First, China's amazing 8.9% GDP growth in the midst of a world recession:
The “resilience” of the Chinese economy right now is based, at least in part, on several factors that I find cause for concern:

* acceleration of a 20-year pipeline of infrastructure projects into a 5-year time horizon, including many seemingly redundant projects or vanity projects, or ones where the returns are far from clear (such as the construction of entirely new cities to replace perfectly good old ones);
* reconstruction in the aftermath of the Sichuan earthquake (which needs to be done, but is actually the replacement of destroyed value, not — as growth figures imply — a form of genuine economic expansion; otherwise you could tear down the whole country just to rebuilt it and call it “growth”);
* construction of large-scale luxury condo developments that go entirely unoccupied and serve merely as investment vehicles, on the expectation of future appreciation;
* easy state-provided credit that has kept businesses — many of them poorly run and financed — from exiting sectors (such as steel) that have chronic excess capacity;
* misdirection of business loans into stock market and real estate speculation, fueling bubbles in both markets
* direct investment by government ministries in order to speculate in — and thereby prop up – the real estate market, on the misconception that a rising real estate market is a “driver” of growth (rather than a result of real demand for more and better usable space driven by business expansion and rising living standards);
* the possibility of “channel stuffing,” where wholesalers and retailers are forced to build up unsold inventories to keep factories (particularly state-owned factories) running. Ironically, this shows up in China’s official statistics as “retail sales” because in China, retail sales are counted when the manufacturer ships, not when the products is sold to a consumer. _SeekingAlpha
As for the US stock market rally, we might want to ask ourselves: Why is the market going up when jobs are going down? The most rational answer is the obvious: the market is not the economy. Companies can improve the bottom line -- and thus the stock price -- by lopping employees off the payroll. If enough companies use this approach to build a convincing enough Potemkin Village for investors, the stock market may very well rally convincingly -- for a time.

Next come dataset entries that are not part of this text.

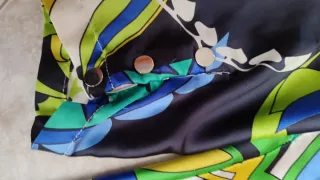 Abito fantasia Imperial taglia XS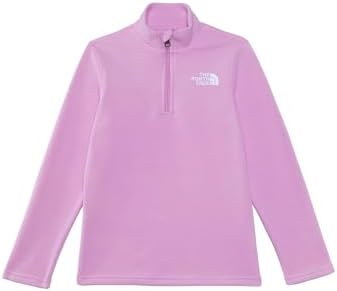THE NORTH FACE Teen Glacier ¼ Zip Pullover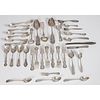 American Sterling and Coin Silver Flatware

Certainly the US government can fudge GDP numbers as easily as the Chinese government. And it is certain that the US government has been fudging employment numbers for several months (years?) now. As stupid as government, media, and academic mouthpieces for the economy may be, a healthy economy that is based upon consumption requires healthy levels of employment and productive income.
....we're likely to see a fresh batch of encouraging numbers, there's plenty of reason to remain humble on expecting that salvation is imminent for one simple reason: the labor market continues to bleed.

"While job losses will likely end early next year, robust job gains may still be several quarters away," according to Christina Romer, the chair of President Obama's Council of Economic Advisers, in testimony to Congress last week.

That's a fairly stark assessment considering that it comes via the usual political spin that passes for debate in Washington. A cynic might argue that if the White House is preparing the nation for many more months of job destruction, the truth may be even harsher. Meantime, the next clue comes on November 6, with the monthly update on employment from the government.........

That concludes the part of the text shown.